By his second assignment of error, defendant contends that the trial court improperly denied his motion to dismiss the charge of first degree murder because the evidence was insufficient to prove the elements of premeditation and deliberation. Possible verdicts of involuntary manslaughter, second degree murder, first degree felony murder, and first degree premeditated and deliberated murder were submitted to the jury. In general, before submitting the issue of a defendant's guilt to the jury, the trial court must be satisfied that the State has produced substantial evidence tending to prove each essential element of the offenses charged and that the defendant was the perpetrator. State v. Earnhardt, 307 N.C. 62, 296 S.E.2d 649 (1982). Substantial evidence is such relevant evidence as a reasonable mind might accept as adequate to support a conclusion. State v. Smith, 300 N.C. 71, 265 S.E.2d 164 (1980). On a motion to dismiss, the evidence must be taken in the light most favorable to the State, and the State must be given the benefit of every reasonable inference deducible therefrom. State v. Hardy, 299 N.C. 445, 263 S.E.2d 711 (1980).

Murder in the first degree is the unlawful killing of a human being with malice and with premeditation and deliberation. State v. Brown, 315 N.C. 40, 337 S.E.2d 808. Premeditation means that the act was thought out beforehand for some length of time, however short. State v. Myers, 299 N.C. 671, 263 S.E.2d 768 (1980). Deliberation denotes an intent to kill carried out in a cool state of blood in furtherance of a fixed design. State v.

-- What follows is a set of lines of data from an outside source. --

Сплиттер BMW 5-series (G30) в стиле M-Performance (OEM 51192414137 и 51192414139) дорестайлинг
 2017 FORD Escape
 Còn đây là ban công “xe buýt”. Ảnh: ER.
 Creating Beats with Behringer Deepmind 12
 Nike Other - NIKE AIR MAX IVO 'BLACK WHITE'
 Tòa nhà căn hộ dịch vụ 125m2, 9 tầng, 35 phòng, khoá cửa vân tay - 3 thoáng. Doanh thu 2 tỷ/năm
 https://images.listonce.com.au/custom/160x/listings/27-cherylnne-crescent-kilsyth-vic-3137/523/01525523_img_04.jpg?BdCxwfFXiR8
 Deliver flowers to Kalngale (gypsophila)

Poole, 298 N.C. 254, 258 S.E.2d 339 (1979).

The trial judge in instant case correctly instructed the jury as follows:

Neither premeditation nor deliberation are usually susceptible of direct proof. They may be proven by a proof of circumstances from which they may be inferred such as the lack of provocation by the victim; conduct of the defendant before, during and after the killing; threats and declaration of the defendant; use of grossly excessive force; brutal or vicious circumstances of the killing; and the manner in which or the means by which the killing was done.

See State v. Brown, 315 N.C. at 59, 337 S.E.2d at 822-23. Defendant argues that the evidence does not support the conclusion that defendant knew that the loose fabric of the apron would become blocked or that Ms. Jones could not breathe through her nose. According to defendant, the evidence is therefore insufficient to prove a...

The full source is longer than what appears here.